What is needed - Copy out, exactly, the first line of the entries below and every line after it through the one containing "Annalee joined the".

Data items -
━━━━━━━━━━━━━━━━━━━━━━━━━━━━━━

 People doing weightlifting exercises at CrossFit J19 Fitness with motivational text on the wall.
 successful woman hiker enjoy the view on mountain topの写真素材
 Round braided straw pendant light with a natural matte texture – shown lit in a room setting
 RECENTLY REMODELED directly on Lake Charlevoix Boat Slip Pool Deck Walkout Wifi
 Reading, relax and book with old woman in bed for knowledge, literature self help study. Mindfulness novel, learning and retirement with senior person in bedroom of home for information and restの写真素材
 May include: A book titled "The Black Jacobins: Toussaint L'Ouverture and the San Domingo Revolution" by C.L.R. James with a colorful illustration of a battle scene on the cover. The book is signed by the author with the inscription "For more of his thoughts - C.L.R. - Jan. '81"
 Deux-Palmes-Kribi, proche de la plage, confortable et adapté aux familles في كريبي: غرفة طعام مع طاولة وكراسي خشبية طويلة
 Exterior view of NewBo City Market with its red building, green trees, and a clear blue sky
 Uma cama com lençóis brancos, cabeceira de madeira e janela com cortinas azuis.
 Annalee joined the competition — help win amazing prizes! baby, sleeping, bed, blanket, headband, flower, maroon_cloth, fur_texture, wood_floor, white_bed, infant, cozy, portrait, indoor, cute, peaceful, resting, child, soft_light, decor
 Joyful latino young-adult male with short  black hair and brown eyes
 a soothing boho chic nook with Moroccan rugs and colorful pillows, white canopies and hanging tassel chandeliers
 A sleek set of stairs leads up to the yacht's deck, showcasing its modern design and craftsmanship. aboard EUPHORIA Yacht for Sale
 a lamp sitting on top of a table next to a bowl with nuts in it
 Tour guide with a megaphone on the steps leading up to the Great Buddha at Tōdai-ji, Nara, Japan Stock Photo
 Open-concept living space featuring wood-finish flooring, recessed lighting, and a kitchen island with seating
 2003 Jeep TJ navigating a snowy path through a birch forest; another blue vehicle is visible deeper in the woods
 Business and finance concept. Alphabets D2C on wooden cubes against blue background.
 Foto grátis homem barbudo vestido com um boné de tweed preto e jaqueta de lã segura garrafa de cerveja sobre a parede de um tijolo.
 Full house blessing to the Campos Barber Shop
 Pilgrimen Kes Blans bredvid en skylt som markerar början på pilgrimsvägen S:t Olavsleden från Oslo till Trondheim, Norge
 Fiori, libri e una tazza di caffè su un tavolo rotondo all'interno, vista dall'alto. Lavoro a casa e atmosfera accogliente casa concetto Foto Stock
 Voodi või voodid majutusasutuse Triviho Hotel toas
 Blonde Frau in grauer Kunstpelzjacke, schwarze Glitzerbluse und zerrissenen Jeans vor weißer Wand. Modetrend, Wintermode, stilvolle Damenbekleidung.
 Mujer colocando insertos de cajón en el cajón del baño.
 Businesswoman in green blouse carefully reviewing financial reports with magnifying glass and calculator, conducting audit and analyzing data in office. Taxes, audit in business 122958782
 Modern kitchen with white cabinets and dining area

━━━━━━━━━━━━━━━━━━━━━━━━━━━━━━

Answer box -
 People doing weightlifting exercises at CrossFit J19 Fitness with motivational text on the wall.
 successful woman hiker enjoy the view on mountain topの写真素材
 Round braided straw pendant light with a natural matte texture – shown lit in a room setting
 RECENTLY REMODELED directly on Lake Charlevoix Boat Slip Pool Deck Walkout Wifi
 Reading, relax and book with old woman in bed for knowledge, literature self help study. Mindfulness novel, learning and retirement with senior person in bedroom of home for information and restの写真素材
 May include: A book titled "The Black Jacobins: Toussaint L'Ouverture and the San Domingo Revolution" by C.L.R. James with a colorful illustration of a battle scene on the cover. The book is signed by the author with the inscription "For more of his thoughts - C.L.R. - Jan. '81"
 Deux-Palmes-Kribi, proche de la plage, confortable et adapté aux familles في كريبي: غرفة طعام مع طاولة وكراسي خشبية طويلة
 Exterior view of NewBo City Market with its red building, green trees, and a clear blue sky
 Uma cama com lençóis brancos, cabeceira de madeira e janela com cortinas azuis.
 Annalee joined the competition — help win amazing prizes! baby, sleeping, bed, blanket, headband, flower, maroon_cloth, fur_texture, wood_floor, white_bed, infant, cozy, portrait, indoor, cute, peaceful, resting, child, soft_light, decor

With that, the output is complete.